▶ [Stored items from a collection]
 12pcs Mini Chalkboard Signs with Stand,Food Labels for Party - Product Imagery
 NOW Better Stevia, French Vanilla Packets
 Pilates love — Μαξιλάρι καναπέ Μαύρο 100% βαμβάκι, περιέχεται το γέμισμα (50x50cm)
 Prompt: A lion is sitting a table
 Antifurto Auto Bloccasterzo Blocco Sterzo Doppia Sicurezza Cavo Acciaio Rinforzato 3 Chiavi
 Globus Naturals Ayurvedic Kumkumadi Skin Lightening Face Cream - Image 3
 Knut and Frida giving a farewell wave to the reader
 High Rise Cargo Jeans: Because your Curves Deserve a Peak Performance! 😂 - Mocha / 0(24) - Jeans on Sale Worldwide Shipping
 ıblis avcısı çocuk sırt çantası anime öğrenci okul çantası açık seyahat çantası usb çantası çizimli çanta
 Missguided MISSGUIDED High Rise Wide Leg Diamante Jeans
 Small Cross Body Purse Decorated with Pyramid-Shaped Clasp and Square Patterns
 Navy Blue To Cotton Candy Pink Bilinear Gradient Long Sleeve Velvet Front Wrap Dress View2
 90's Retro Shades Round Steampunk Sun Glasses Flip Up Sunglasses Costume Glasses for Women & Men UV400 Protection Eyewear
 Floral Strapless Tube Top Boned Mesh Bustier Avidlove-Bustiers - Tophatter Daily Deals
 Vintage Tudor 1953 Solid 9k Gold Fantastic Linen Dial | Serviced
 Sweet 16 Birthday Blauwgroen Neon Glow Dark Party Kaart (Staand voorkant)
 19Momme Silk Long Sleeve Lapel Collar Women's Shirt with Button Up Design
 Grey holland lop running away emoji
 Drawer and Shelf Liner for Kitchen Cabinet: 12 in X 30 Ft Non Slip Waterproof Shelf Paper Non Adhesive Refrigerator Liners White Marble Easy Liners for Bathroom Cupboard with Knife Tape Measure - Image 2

▶ [DIRECTIONS FOR THIS TASK]
What lines above contain "High"? Copy them out.

▶ [ANSWER BELOW]
 High Rise Cargo Jeans: Because your Curves Deserve a Peak Performance! 😂 - Mocha / 0(24) - Jeans on Sale Worldwide Shipping
 Missguided MISSGUIDED High Rise Wide Leg Diamante Jeans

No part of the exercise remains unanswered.